May 19 2014
Methamphetamine (commonly known as ‘P’ or ‘meth’) contamination is an increasing problem in New Zealand properties. The by-products of P-use and manufacture are extremely dangerous. P-labs are moved around to avoid detection and are often found in isolated locations. Farm houses and rental properties are attractive targets. It’s not just the P-labs that cause contamination; using P in the house also contaminates the entire house. Decontamination is strictly a job for the professionals.
Under the Residential Tenancies Act 1986, a landlord must ensure that a tenanted property has been decontaminated and is safe to live in.

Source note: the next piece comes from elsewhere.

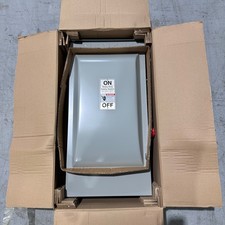 Siemens HF364NR 3P4W 200 Amp 600 VAC Fusible Safety Switch - (QC4B)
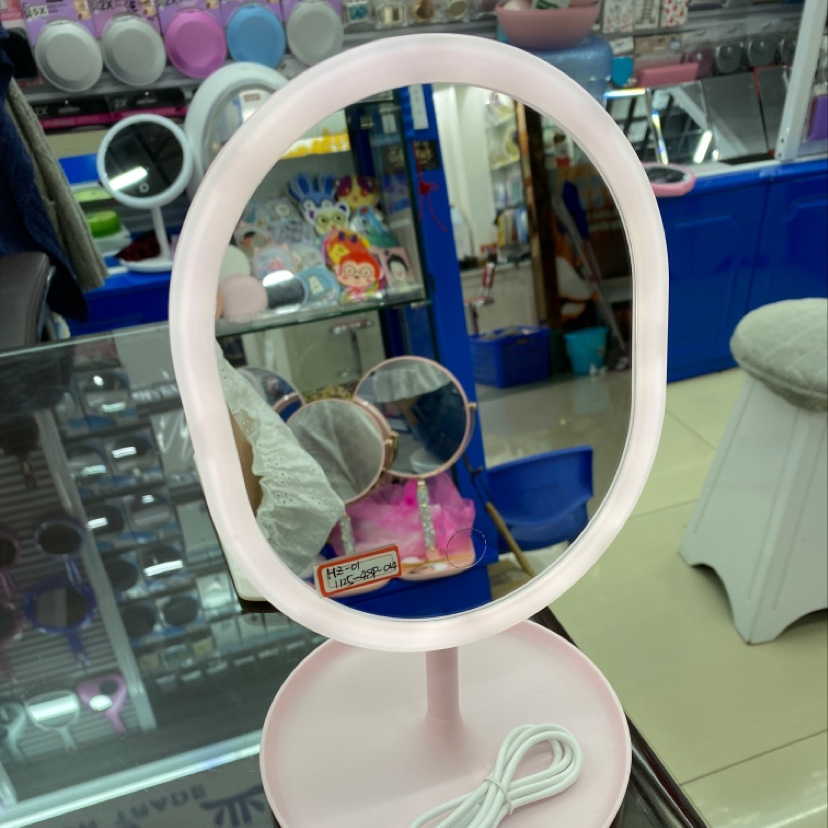 灯镜/小镜子产品图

A landlord is not obliged, however, to disclose to tenants that the house has previously been used for the manufacturer of P or has been contaminated by P. If asked, however, a landlord must answer any contamination queries truthfully.
When selling, real estate agents must disclose outstanding statutory notices in respect of property. If the standard Agreement for Sale and Purchase is used, the vendor must also disclose these notices. If the real estate agent or the vendor knowingly exposes the public to danger, for example, by conducting an open home at the property, they could be criminally liable. The real estate agent could also be guilty of unsatisfactory conduct under the Real Estate Agents Act 2008.
Owners of rental properties should be vigilant and proactive when it comes to P detection. They should carefully screen prospective tenants, undertake regular inspections and consider installing an alarm system to detect the manufacture of P at the property.